Historically, the RNC’s sole job has been to raise money for candidates and to pass the party line down the food chain to state and local leaders. Policy has been set by the party’s congressional leaders and, when a Republican sits in the White House, by the president.

The same has been true for the Democratic National Committee.

The Bopp-Yue vanguard say they are determined to change that.

“For the past eight years, the RNC has been the political outreach of the White House,” said Arizona GOP Chairman Randy Pullen, another resolution cosponsor who led the 2006 immigration fight and who opposed Mr. Bush’s “economic policies promoting the ‘ownership society’ because they would eventually lead to the financial meltdown we are currently experiencing.”

“It is now time for the RNC to assert itself in terms of ideas and political philosophy,” Mr. Pullen added. “If we don’t do it now, when will we?”

Mr.
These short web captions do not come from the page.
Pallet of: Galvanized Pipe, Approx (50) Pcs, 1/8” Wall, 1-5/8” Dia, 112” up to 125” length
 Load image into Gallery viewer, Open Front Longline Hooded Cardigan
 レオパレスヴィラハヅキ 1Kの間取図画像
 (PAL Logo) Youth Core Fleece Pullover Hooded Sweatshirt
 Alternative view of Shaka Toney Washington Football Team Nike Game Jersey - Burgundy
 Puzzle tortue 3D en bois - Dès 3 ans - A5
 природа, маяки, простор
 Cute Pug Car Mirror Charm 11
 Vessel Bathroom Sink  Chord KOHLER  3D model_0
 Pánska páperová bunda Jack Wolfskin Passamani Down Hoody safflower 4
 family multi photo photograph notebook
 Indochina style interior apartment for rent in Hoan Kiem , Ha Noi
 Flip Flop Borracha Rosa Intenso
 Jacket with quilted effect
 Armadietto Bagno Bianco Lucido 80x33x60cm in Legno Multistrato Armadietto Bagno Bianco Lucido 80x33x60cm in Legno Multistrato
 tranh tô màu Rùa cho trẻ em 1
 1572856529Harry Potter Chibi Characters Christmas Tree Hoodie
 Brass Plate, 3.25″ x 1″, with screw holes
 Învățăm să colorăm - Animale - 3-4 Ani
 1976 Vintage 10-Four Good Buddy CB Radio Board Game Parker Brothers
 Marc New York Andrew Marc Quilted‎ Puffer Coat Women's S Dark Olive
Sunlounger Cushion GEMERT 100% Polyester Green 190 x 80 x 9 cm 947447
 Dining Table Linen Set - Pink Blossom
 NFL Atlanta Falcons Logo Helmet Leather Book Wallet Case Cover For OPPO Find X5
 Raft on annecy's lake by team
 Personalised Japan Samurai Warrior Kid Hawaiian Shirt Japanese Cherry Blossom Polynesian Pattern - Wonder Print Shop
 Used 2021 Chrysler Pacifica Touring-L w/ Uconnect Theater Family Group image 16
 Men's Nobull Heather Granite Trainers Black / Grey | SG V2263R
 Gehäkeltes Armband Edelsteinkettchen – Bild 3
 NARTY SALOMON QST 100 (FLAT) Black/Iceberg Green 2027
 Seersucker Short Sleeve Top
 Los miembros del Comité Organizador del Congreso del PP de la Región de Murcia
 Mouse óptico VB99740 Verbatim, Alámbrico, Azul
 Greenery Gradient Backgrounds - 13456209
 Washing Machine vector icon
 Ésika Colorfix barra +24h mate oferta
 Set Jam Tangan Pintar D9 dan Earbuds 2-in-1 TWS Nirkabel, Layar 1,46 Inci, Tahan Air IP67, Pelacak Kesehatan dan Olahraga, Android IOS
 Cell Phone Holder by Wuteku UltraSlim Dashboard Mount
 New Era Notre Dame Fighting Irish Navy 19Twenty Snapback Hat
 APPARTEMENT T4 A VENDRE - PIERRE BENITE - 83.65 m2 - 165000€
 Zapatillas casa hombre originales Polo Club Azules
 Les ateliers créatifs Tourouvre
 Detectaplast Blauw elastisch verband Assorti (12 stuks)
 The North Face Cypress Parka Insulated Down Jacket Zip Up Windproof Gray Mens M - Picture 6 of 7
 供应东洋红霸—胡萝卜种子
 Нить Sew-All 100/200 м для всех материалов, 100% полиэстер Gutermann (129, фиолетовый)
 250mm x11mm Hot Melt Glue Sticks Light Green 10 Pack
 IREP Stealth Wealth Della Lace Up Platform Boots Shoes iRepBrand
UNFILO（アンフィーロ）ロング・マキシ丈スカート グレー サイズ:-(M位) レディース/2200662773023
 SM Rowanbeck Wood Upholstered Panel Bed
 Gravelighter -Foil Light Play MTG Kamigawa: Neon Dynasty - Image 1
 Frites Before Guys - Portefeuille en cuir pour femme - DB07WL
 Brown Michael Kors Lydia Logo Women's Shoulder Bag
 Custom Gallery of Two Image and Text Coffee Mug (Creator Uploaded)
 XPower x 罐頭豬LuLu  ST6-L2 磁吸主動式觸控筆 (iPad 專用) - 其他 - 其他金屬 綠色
Bopp, a social conservative who has served as counsel to pro-life groups, said, “We must stand for and publicly advocate our conservative principles as a party 24 hours a day, seven days a week, 365 days of the year.”

The RNC revolutionaries leave no doubt they mean to turn the committee into policy-producing and enforcing machine.

“In the long-run, we want to see this committee play an active philosophical-policy leadership role for the national GOP,” Mr. Yue said.

But it remains unclear whether there exist the rules or the machinery for enforcing such a resolution on Republican elected officials.